At his entrance Julião straightened himself up; he shook himself, rolled a cigarette, and said that he had been at work since seven o’clock in the morning. Ah, it was a fine thing to work! He would like to see how the Senhor Sebastião would stand it!

“For the rest, you have come just in time. I was about to send a message to your house. I was to have received money, and it has not come. Give me a libra.”

And then he began to speak about his thesis. The thing was turning out well. He read paragraphs to Sebastião from the prologue, with paternal delectation, well pleased with his labor. In a burst of confidence resulting from his excitement he said, taking rapid strides up and down the room,—

“I am going to show them that there are still Portuguese in Portugal, Sebastião. I am going to open their eyes; you shall see.”

He sat down and began to number the sheets already written. Sebastião, reluctant to disturb with private anxieties these lofty scientific interests, said hesitatingly, and in a low voice,—

“I have come to talk to you about our friends.”

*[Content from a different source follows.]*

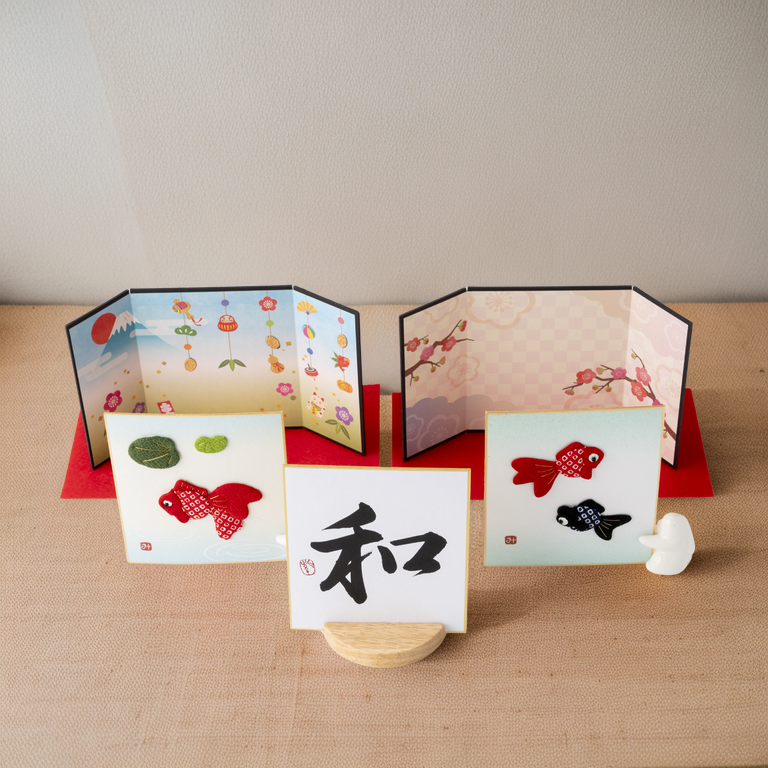 Bundled Product: Themed "Amicable" - Shodo and Raised Cloth Artwork, Design 1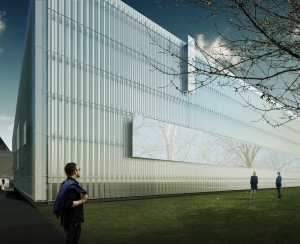 A rendering of the Corning Museum of Glass&#039; new wing.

But the door opened suddenly, and a young man with a neglected-looking beard and weak eyes entered the room. He was a student at the School, and a friend of Julião. Almost immediately they recommenced a discussion which they had begun in the morning, and which had been interrupted at eleven o’clock, at which hour the young man with the weak eyes was obliged to go to Aurea to breakfast.